# About this exercise:
The lines below, from the one containing "3353 W 129th Terrace" through the one containing "HIGH GROVE UNIT 02 - Residential", should be set down exactly, with no pictures and nothing else.

# Data to process:
++++

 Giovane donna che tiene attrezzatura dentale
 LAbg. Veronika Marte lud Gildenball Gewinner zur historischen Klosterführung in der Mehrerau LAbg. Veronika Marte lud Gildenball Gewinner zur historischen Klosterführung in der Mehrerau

++++

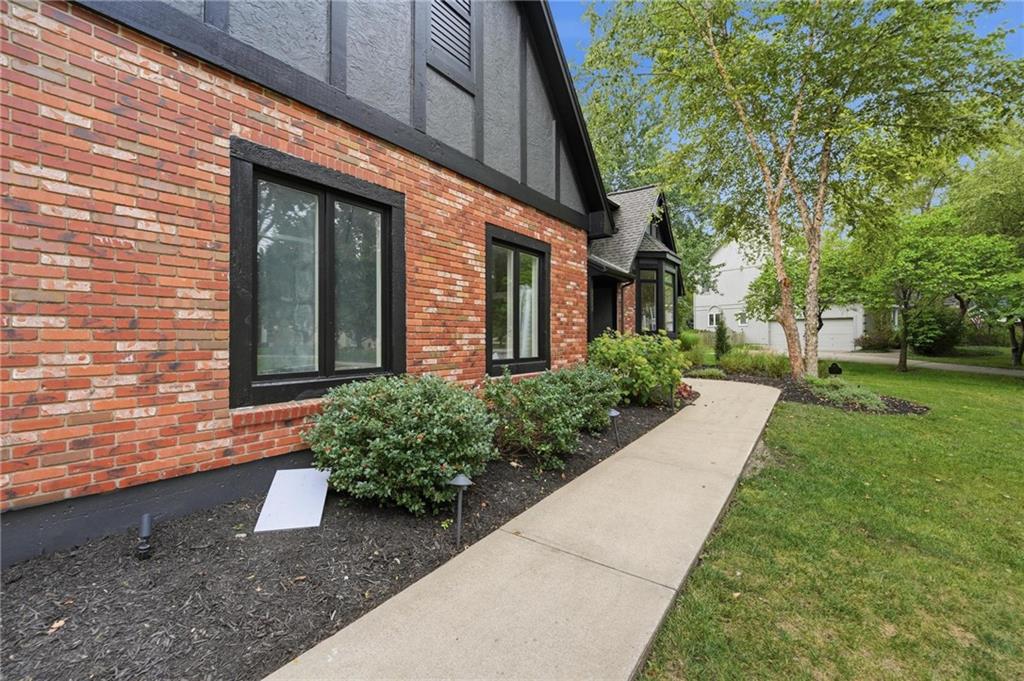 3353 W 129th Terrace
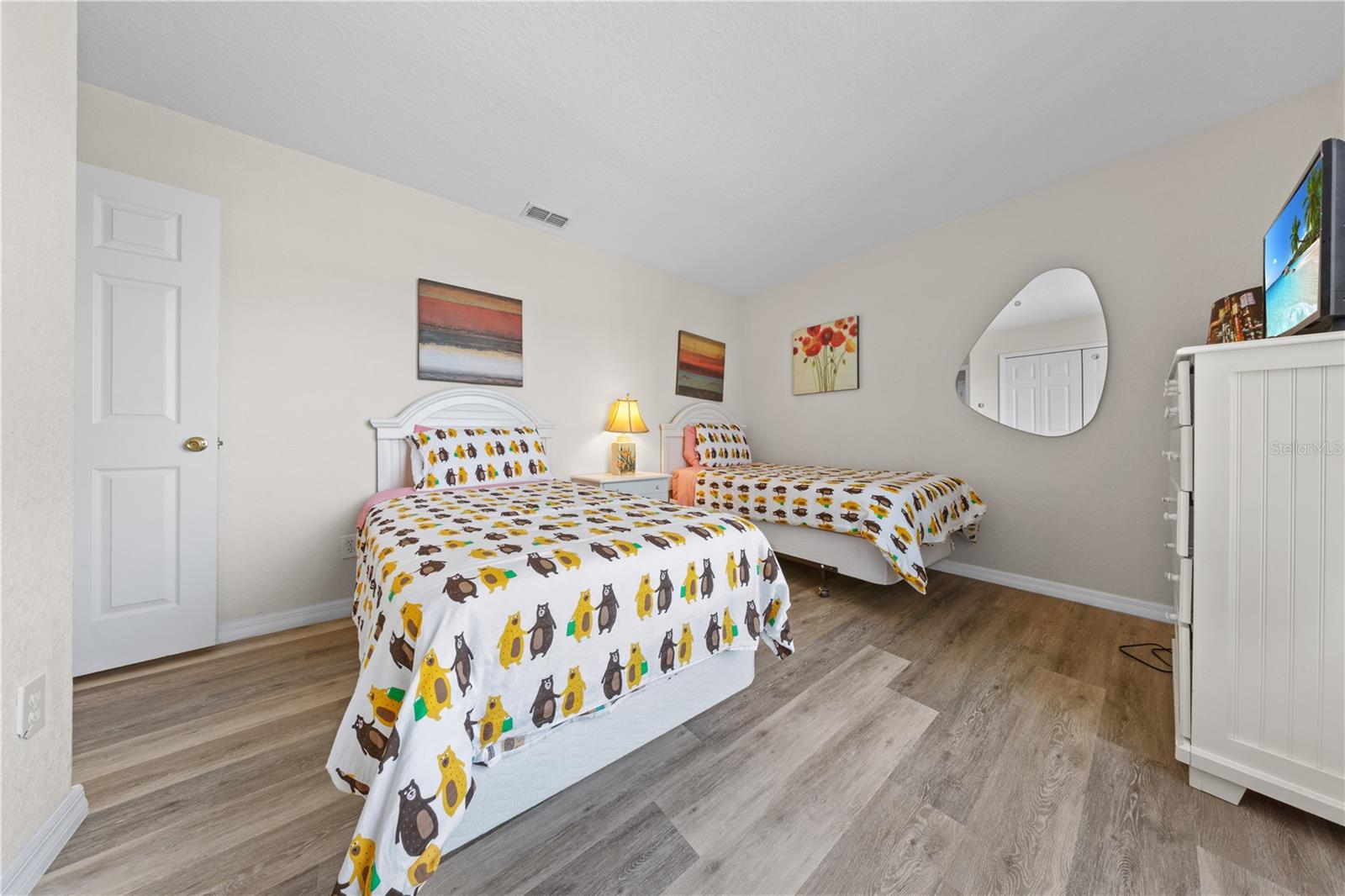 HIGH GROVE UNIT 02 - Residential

++++

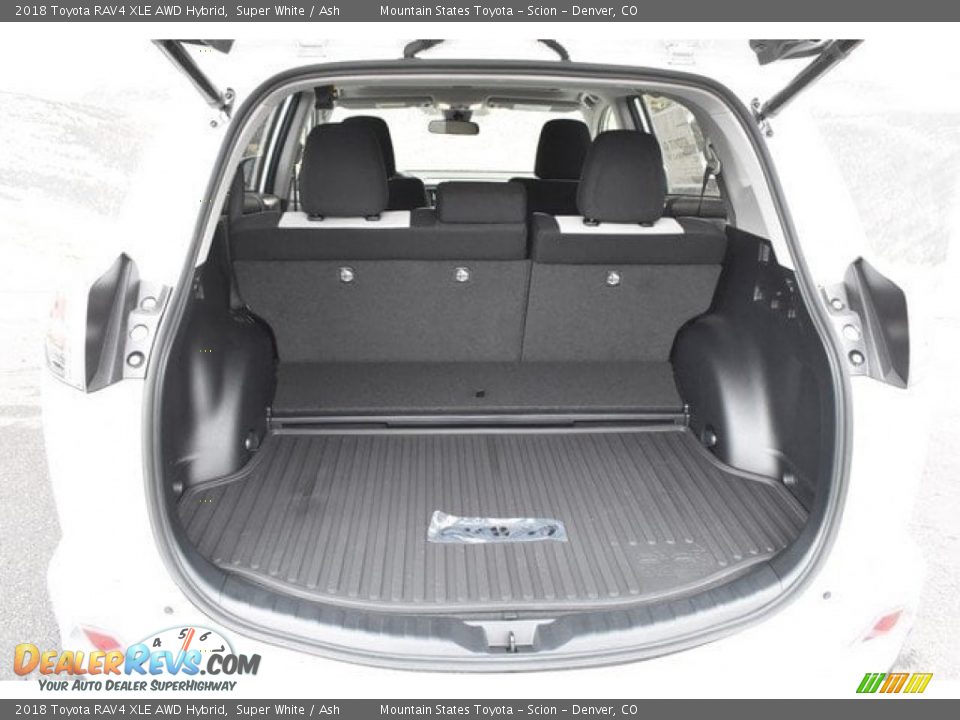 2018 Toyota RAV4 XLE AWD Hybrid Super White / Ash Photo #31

++++

# Completed task:
 3353 W 129th Terrace
 HIGH GROVE UNIT 02 - Residential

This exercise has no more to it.